Retype the material below exactly, from its first line through the line with "Aukcja sprzedaży 2025"; the pictures stay out.
▶
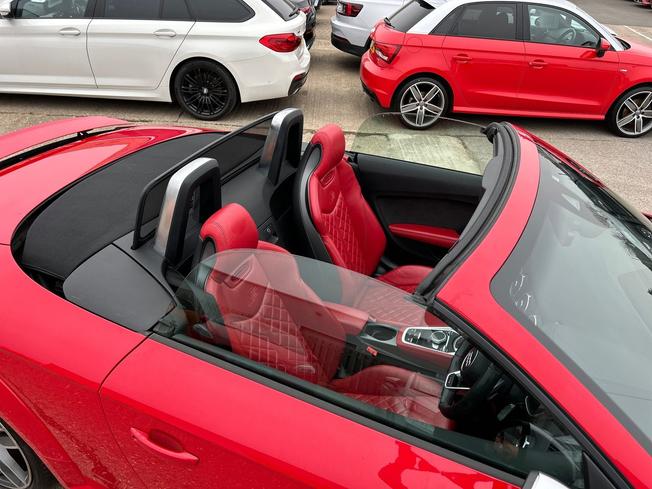 AUDI Tts Photo 49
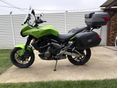 KAWASAKI VERSYS 650 2008 - 2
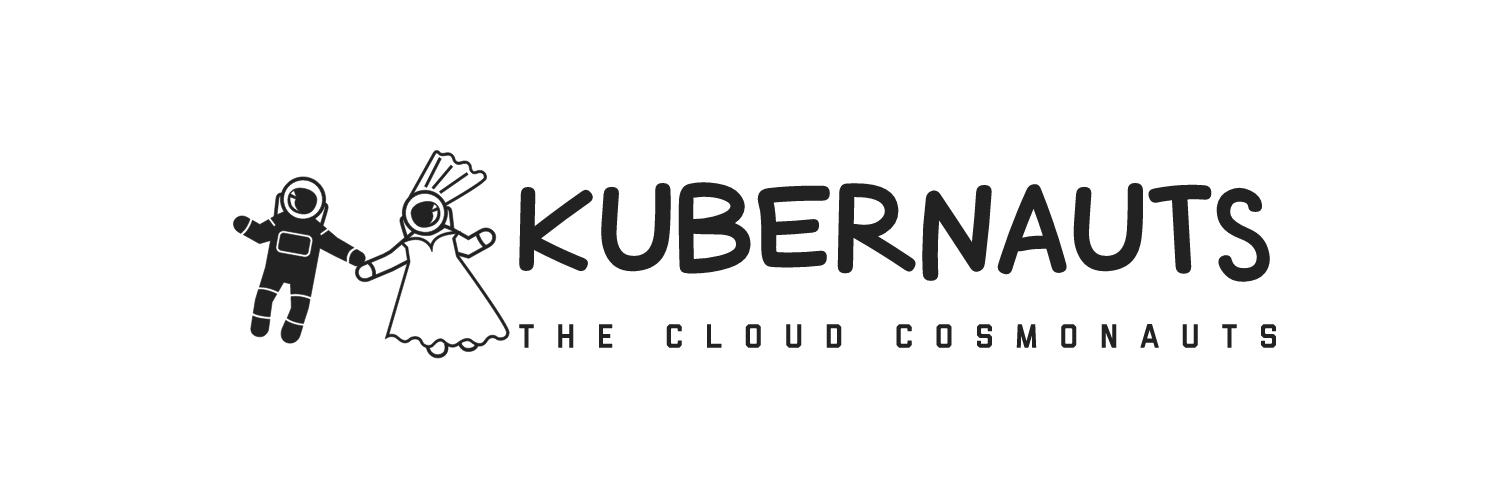 (c) Kubernauts - The Cloud Cosmonauts (c) Kubernauts - The Cloud Cosmonauts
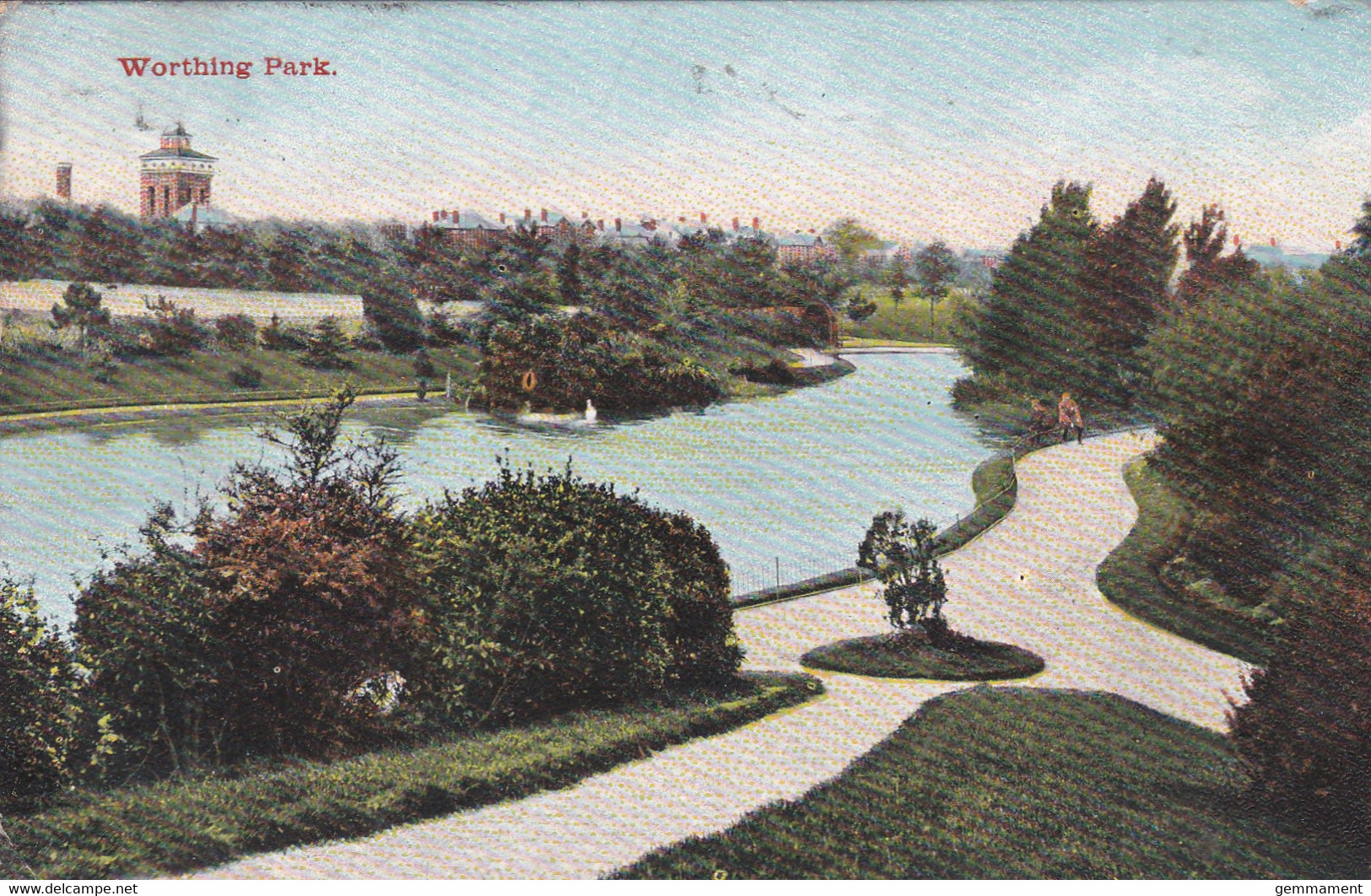 WORTHING PARK - Worthing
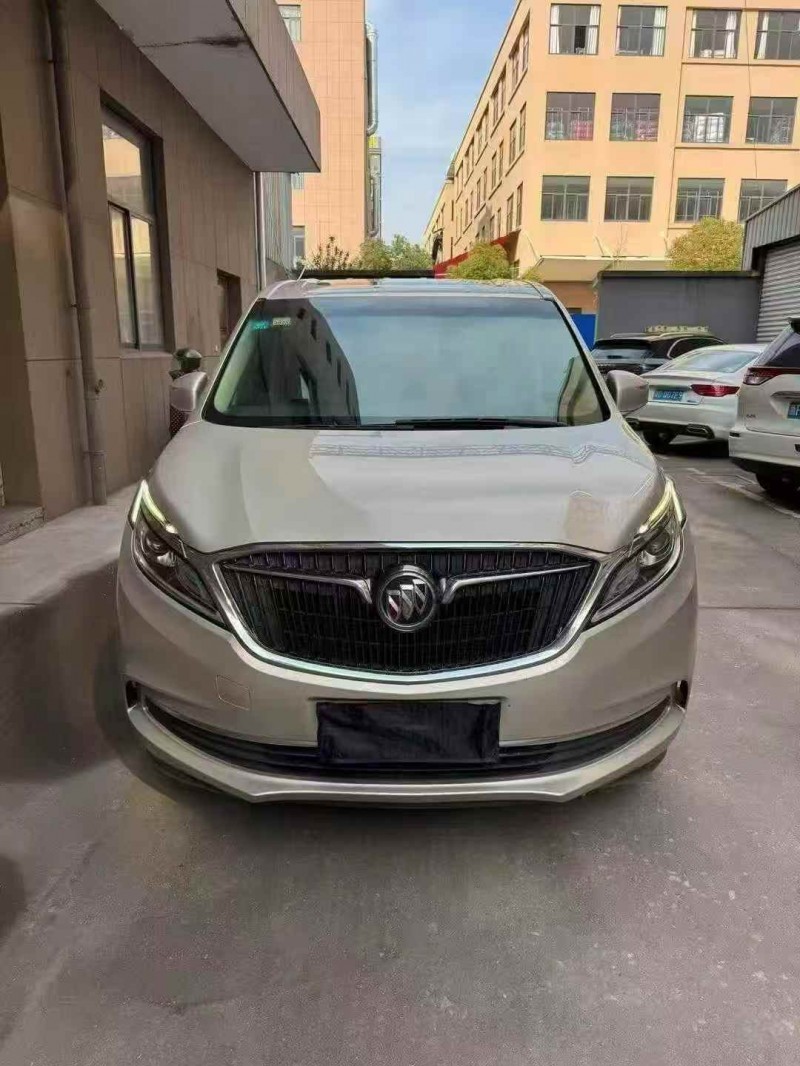 嘉兴19年别克GL81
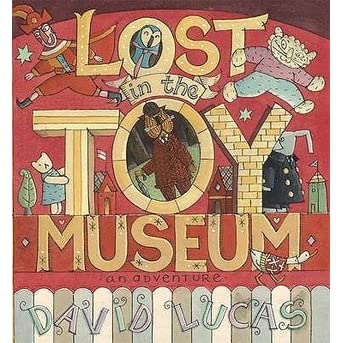 Lost in the Toy Museum: An Adventure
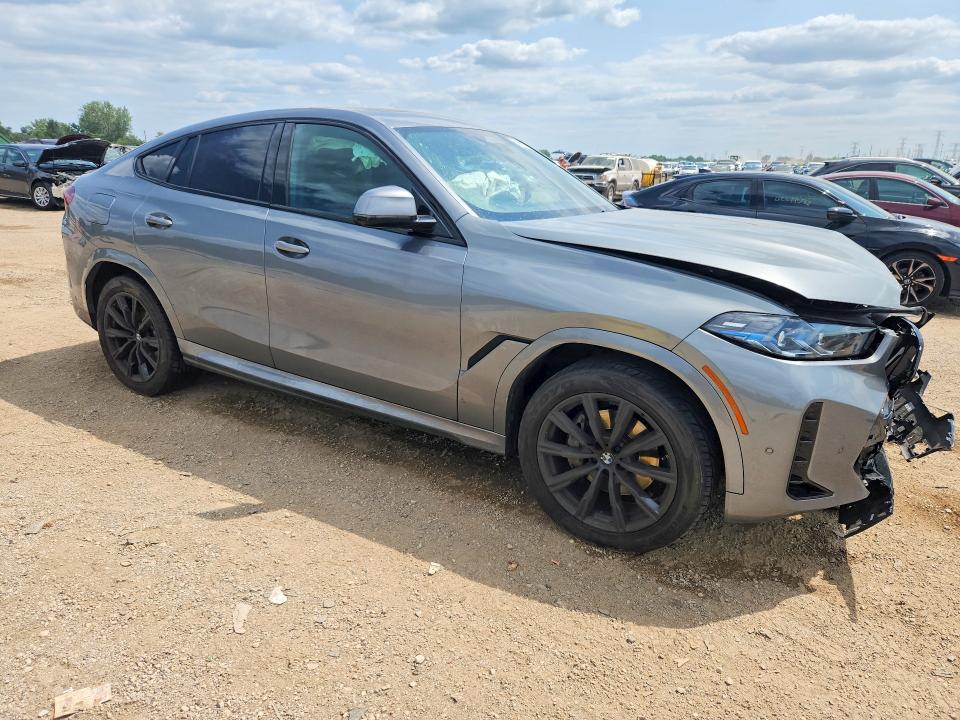Aukcja sprzedaży 2025 Bmw X6, vin: 5UX33EX00S9W23381, numer aukcji: 61369676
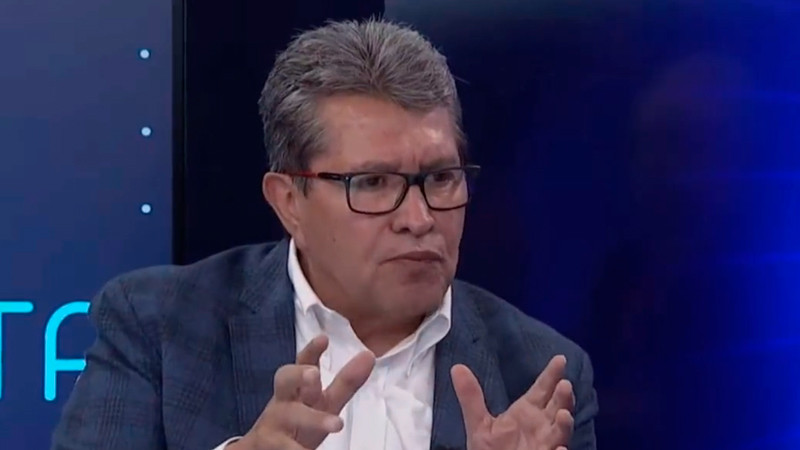 Renuncia de García Harfuch propició mi declinación a lucha por Jefatura de Gobierno: Monreal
◀
*Problem solution*.
 AUDI Tts Photo 49
 KAWASAKI VERSYS 650 2008 - 2
 (c) Kubernauts - The Cloud Cosmonauts (c) Kubernauts - The Cloud Cosmonauts
 WORTHING PARK - Worthing
 嘉兴19年别克GL81
 Lost in the Toy Museum: An Adventure
Aukcja sprzedaży 2025 Bmw X6, vin: 5UX33EX00S9W23381, numer aukcji: 61369676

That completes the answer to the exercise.